WORK INSTRUCTION: Below this line is a listing that includes pictures. Copy exactly, and only, the lines from the one containing "decorUhome Chenille Beige" through the one containing "태양생활건강 핑크퐁 아기상어 아이비타+D 아연 48g, 40정, 3개"; the pictures do not go in the copy.

DATASET:
○ ○ ○ ○ ○

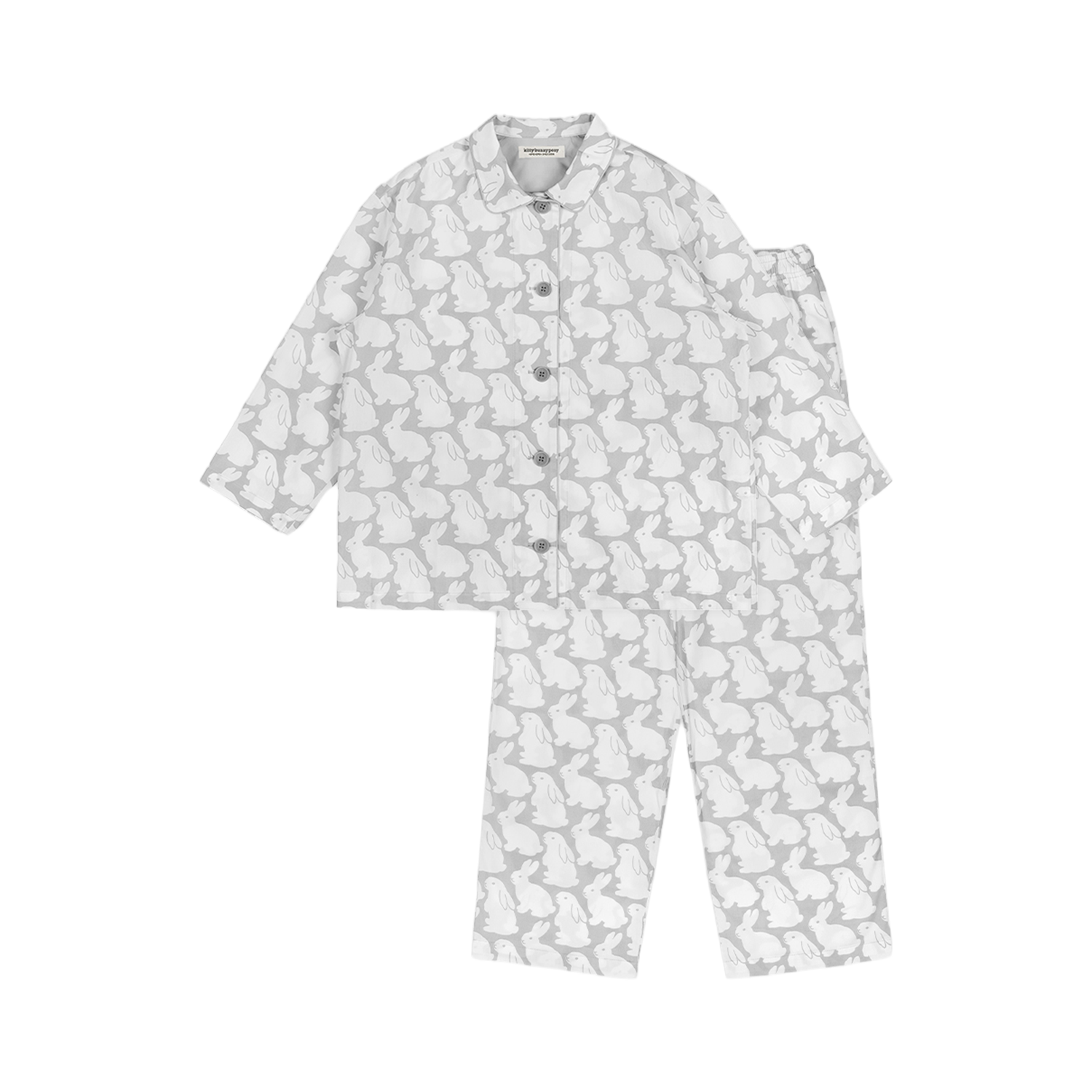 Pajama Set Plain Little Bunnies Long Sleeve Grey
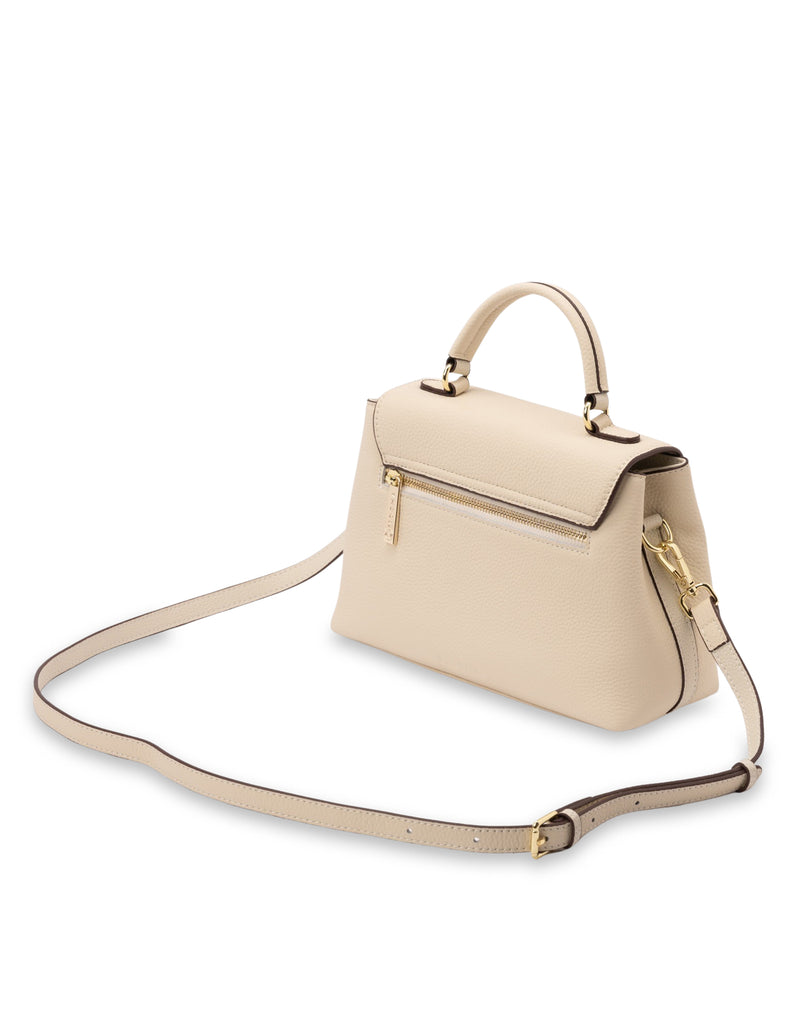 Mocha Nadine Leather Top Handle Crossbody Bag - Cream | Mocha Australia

○ ○ ○ ○ ○

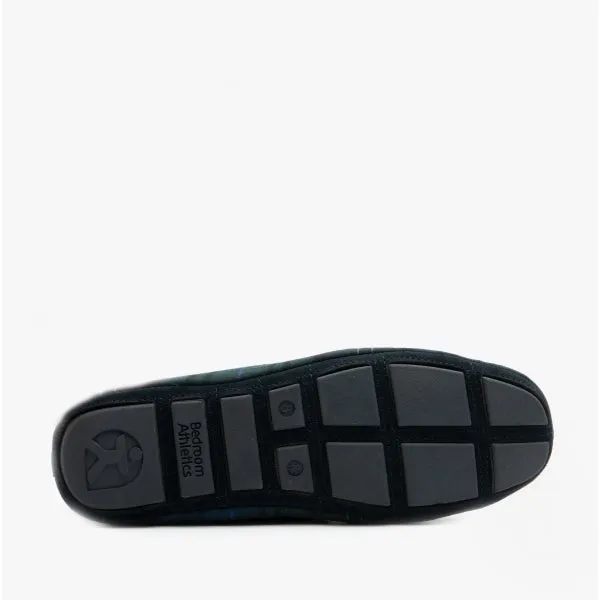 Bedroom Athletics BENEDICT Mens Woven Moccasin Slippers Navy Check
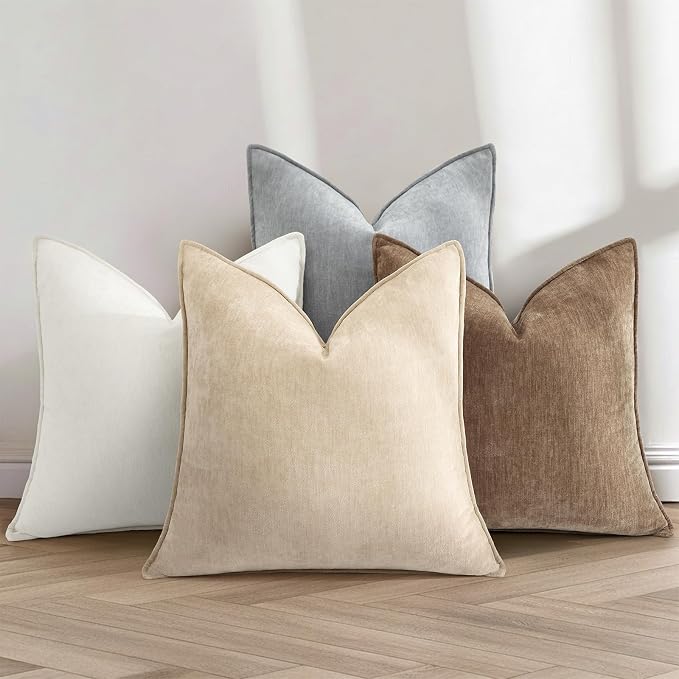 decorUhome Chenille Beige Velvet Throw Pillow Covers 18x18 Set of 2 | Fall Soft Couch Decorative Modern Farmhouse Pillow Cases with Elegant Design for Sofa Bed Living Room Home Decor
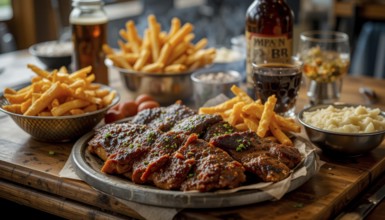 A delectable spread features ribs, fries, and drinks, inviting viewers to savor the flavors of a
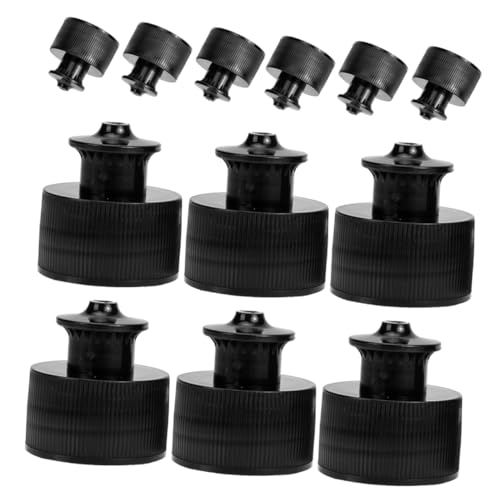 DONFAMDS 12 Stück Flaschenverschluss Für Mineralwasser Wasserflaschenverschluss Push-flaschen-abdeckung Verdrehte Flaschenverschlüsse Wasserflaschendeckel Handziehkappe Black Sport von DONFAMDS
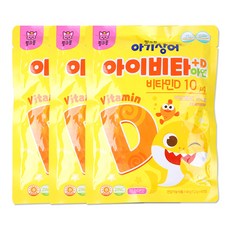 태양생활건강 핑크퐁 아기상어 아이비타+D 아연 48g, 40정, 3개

○ ○ ○ ○ ○

SOLUTION TO THE PROBLEM:
 decorUhome Chenille Beige Velvet Throw Pillow Covers 18x18 Set of 2 | Fall Soft Couch Decorative Modern Farmhouse Pillow Cases with Elegant Design for Sofa Bed Living Room Home Decor
 A delectable spread features ribs, fries, and drinks, inviting viewers to savor the flavors of a
 DONFAMDS 12 Stück Flaschenverschluss Für Mineralwasser Wasserflaschenverschluss Push-flaschen-abdeckung Verdrehte Flaschenverschlüsse Wasserflaschendeckel Handziehkappe Black Sport von DONFAMDS
 태양생활건강 핑크퐁 아기상어 아이비타+D 아연 48g, 40정, 3개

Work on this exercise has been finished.